Red-team this trade before I take it. Argue against it first, check it
against my written rules, flag any emotion or rule violation, then return
one verdict: GO / SIZE-DOWN / SKIP.

Trade:   symbol · direction · entry · stop · target · setup · why now
Context: equity · today's P&L · current drawdown · current regime ·
         open positions · correlated exposure · daily/weekly loss status

After the session:

Review my session. Trades as R-multiples, with the regime at entry:
[paste]

Compute total R, expectancy, win rate, avg win/loss in R, result by
regime, my biggest mistake, every rule violation, and one correction for
next session. Be blunt. Do not flatter me. If I broke rules, name them.

Once a week:

Run a weekly process review using this week's trades and my constitution.
Compare trades taken vs trades my rules allowed; find repeated violations;
say whether losses were valid, wrong-regime, oversizing, revenge/FOMO, or
correlation stacking; tell me the one rule to tighten and the one I
followed well. No motivation — only process evidence.

The 20-minute build

Minutes 0–5 — Open the tool. Start a Claude Project, a custom GPT, or any persistent AI workspace that saves instructions and accepts a file. Nothing fancy — fancy is where procrastination hides.

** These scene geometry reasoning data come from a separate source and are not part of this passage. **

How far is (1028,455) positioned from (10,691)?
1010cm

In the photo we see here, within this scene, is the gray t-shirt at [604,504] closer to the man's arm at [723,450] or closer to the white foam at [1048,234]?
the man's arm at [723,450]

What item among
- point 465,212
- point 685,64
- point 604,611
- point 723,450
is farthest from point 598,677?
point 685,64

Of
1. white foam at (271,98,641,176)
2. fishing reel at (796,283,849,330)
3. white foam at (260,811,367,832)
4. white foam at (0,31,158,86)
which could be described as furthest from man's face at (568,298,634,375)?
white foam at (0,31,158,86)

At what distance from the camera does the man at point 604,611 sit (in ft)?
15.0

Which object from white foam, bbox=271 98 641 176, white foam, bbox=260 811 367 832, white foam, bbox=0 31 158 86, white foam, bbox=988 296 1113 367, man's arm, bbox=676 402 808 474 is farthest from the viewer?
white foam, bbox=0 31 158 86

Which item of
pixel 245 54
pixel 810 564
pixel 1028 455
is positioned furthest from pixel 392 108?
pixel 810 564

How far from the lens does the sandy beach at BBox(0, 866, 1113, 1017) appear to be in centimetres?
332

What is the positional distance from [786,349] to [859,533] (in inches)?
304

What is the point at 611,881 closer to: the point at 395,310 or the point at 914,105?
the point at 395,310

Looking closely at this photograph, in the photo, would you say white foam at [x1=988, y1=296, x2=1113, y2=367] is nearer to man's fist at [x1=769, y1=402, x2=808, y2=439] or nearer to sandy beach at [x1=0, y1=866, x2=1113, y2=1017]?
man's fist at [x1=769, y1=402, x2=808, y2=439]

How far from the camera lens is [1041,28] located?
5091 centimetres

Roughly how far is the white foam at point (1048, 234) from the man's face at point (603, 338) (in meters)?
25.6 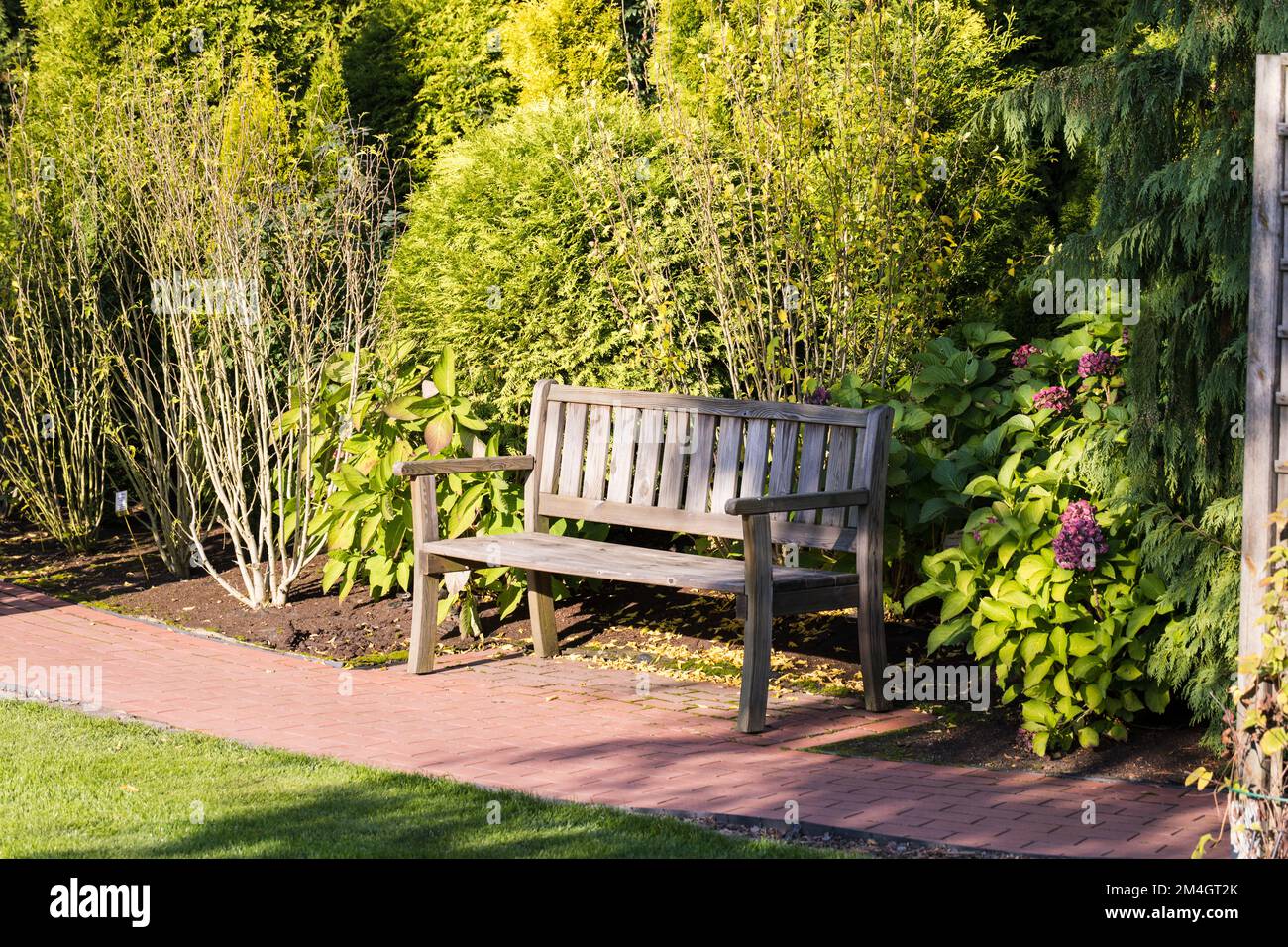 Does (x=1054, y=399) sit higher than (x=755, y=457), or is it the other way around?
(x=1054, y=399)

Minutes 5–15 — Write the constitution. Paste the template and fill every bracket. Don't make it pretty; make it true. If you can't fill your edge, your regime, your risk cap, or your kill-switch, the copilot just found the hole — and that's already progress.

Minutes 15–20 — Red-team your last trade. Not the next one. The last one — the real one you already took. Paste it in, ask for a red-team, and read the verdict without arguing. That first review is usually the moment the tool becomes real, because it will probably say the thing you knew and ignored.

Where this meets ProEA

A copilot enforces rules — which means it needs rules it can actually read, and that's the quiet argument for owning source over renting a black box. A closed EA can't easily tell your copilot what it assumes, how it sizes, when it should stop, or what counts as a violation; readable source can. With MTR you can hand the copilot the real logic and risk rules, ask it to summarize the sizing layer, check whether a proposed setting violates the plan, and review trades against the system's own rules. That doesn't make MTR profitable, and it doesn't make any system safe — the copilot makes you more consistent with the process you chose, and MTR can lose. Inspectable rules plus a copilot to enforce them beat a black box you must trust and a discipline you don't have.

Does it claim to know the market, or does it help you follow your own plan?

Ask that of any "AI trading" product. Only one of those answers is real.

Disclosure

We sell source and evidence you can inspect — not outcomes, not guarantees. An AI copilot does not predict markets, generate edge, or guarantee profit; it enforces the rules you give it and structures your data. Large language models can be wrong, can be overly agreeable, can misread numbers, and can treat bad inputs as true unless instructed otherwise — use a copilot as a skeptical second opinion, not an oracle, and never let it place trades, invent signals, or override your risk controls. Garbage in, garbage out: a copilot built on a losing process will faithfully run a losing process. Trading is risky, leverage magnifies risk, and past performance is not future performance. The copilot's only promise is consistency with a plan you chose — which is valuable, and is not the same as winning.

Your first 20 minutes

Open a Claude Project or a custom GPT. Paste the constitution and fill it with your real rules — noticing every bracket you can't complete, because that blank is a hole in your trading. Upload your journal. Then red-team your last trade and read the verdict without arguing. You'll have built, in twenty minutes and for free, the one thing a lone trader almost never has: someone in the room who knows the rules and isn't afraid to tell you you're breaking them.

The one line to take with you

You don't need a smarter strategy or a magic AI. You need to follow the rules you already claim to have — so build the thing that makes you. The best AI in trading isn't the one that predicts the market. It's the one that predicts you — and stops you.